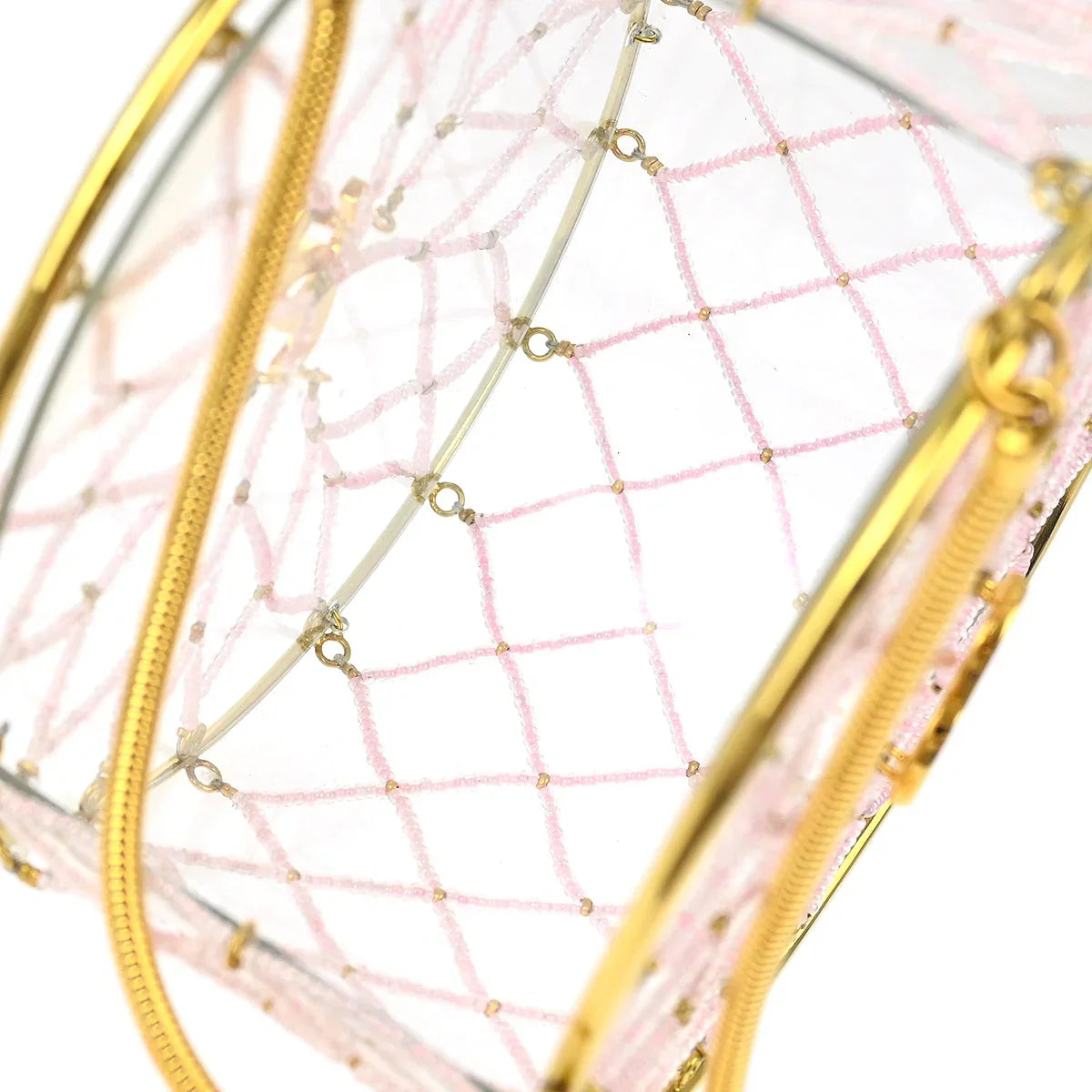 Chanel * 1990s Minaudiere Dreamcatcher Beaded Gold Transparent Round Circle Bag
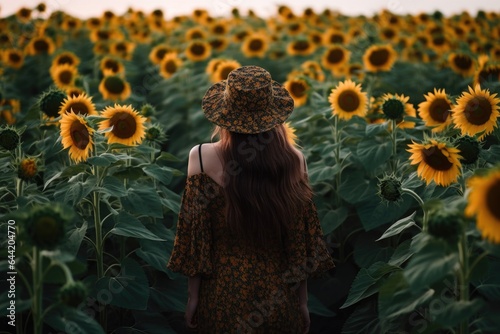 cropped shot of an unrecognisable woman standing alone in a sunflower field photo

-=-=-=-=-

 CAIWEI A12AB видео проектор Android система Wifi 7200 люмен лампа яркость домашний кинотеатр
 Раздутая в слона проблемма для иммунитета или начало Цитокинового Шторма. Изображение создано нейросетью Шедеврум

-=-=-=-=-

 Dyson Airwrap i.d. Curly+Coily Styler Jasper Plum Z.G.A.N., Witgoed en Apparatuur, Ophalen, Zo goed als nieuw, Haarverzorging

-=-=-=-=-

### [ACTIVITY]
Copy the lines above exactly, starting at the one with "Chanel * 1990s" and ending at the one with "cropped shot of", both included. Leave out any pictures and add nothing else.

### [SOLVED EXERCISE]
 Chanel * 1990s Minaudiere Dreamcatcher Beaded Gold Transparent Round Circle Bag
 cropped shot of an unrecognisable woman standing alone in a sunflower field photo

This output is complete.